Lo que usted quiera mi hermano por mi está bien —respondió solemne el inesperado visitante.

Se la seguimos poniendo con el tinto entonces —dijo con convencimiento el anfitrión—. Total mañana no hay laburo y pasado tampoco, qué joder.

Ya va a empezar… —gritó la mujer desde el comedor.

Salerno se paró de un salto, apoyando ambas palmas sobre la mesa.

Che hermano disculpame —dijo—, vos tenés tus cosas y yo te caigo así…

Pero que disculpame ni que nada —. Lo atajó su amigo irguiéndose también y alzando la cabeza para poder mirarlo de frente—. No digás boludeces, querés. Lo que pasa es que los domingos a esta ahora siempre miramos Miami vice…

Por eso, mejor me rajo y paso en otro momento. —Siguió disculpándose Salerno.

¿Vos sos o te hacés? —Darío Mancinelli caminó los pasos que los separaban y le palmeó el hombro como lo hacía en los tiempos del Nacional—. Bancame acá que ya vuelvo. La Yoli es de fierro, vos no te calentés por nada. —Lo animó.

Cinco minutos pasaron antes de que volviera a aparecer en la cocina. Una vez que se hubo acomodado de nuevo y otro corcho fuera extraído con éxito dijo:

Como te iba diciendo el Flaco Sánchez un día le presta el auto a la mujer porque quería ir al supermercado o algo así le dijo. Entonces este que es más bueno que la vitamina C se va en micro al laburo y le deja el Fiat 128 y resulta que a media mañana salta un procedimiento en un telo en la Santiago del Estero al doscientos o por ahí y cuál no sería la sorpresa del Flaco al encontrarse el Fiat en el estacionamiento…

Y si era uno parecido —intervino Salerno inclinándose hacia adelante con ebrio interés.

No boludo —amonestó el fotógrafo—, era el de él. Si se sabe todas las patentes de memoria el hijo de puta.

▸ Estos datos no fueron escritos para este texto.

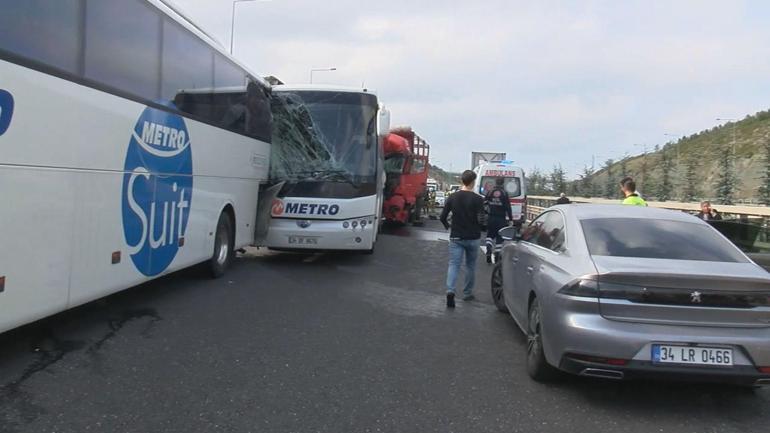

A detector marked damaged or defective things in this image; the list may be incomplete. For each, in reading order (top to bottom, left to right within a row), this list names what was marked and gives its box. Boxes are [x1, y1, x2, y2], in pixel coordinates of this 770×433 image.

shattered windshield [270, 90, 378, 185] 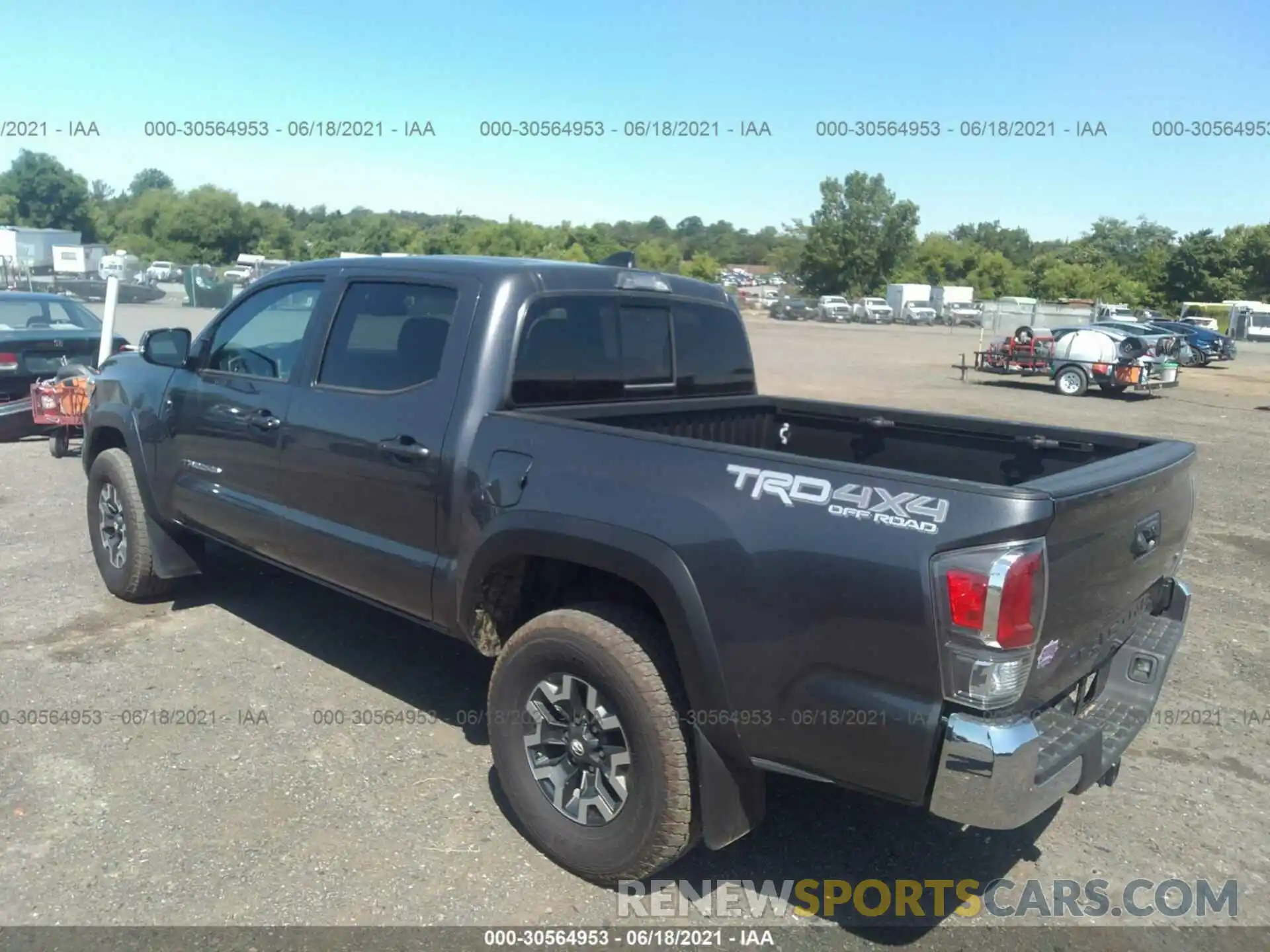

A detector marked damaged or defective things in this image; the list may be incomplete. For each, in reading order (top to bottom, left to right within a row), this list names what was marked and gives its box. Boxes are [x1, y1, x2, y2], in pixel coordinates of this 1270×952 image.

Como si hubiera escuchado unas palabras mágicas que servirían para despertarlo de un trance hipnótico Salerno dijo:

Boludo hablando de Roma, haceme acordar que tengo que comentarte algo sobre una patente.

Meta —asintió el Tano— y resulta que los compañeros le decían que la buscara por las piezas, que los cagara a patadas o a tiros a los dos y qué se yo cuántas otras opciones, pero no. El Flaco se la comió y se pidió una licencia que tenía atrasada. La siguió para todos lados, les sacó fotos y resultó ser que el tipo era cura. El Flaco le sacó un montón de guita por las fotos y los negativos. Mandó a la mierda a la esposa. —Tomó un sorbo de vino—. En realidad mandó todo al carajo. Al poco tiempo dejó la cana y se puso una agencia de investigaciones, le va muy bien.

Un Philip Marlowe criollo, hay que joderse —dijo Salerno.

Che manga de borrachos de porquería —gritó Yolanda apareciendo en el quicio de la puerta— ¿No sienten que se está quemando la carne, boludos.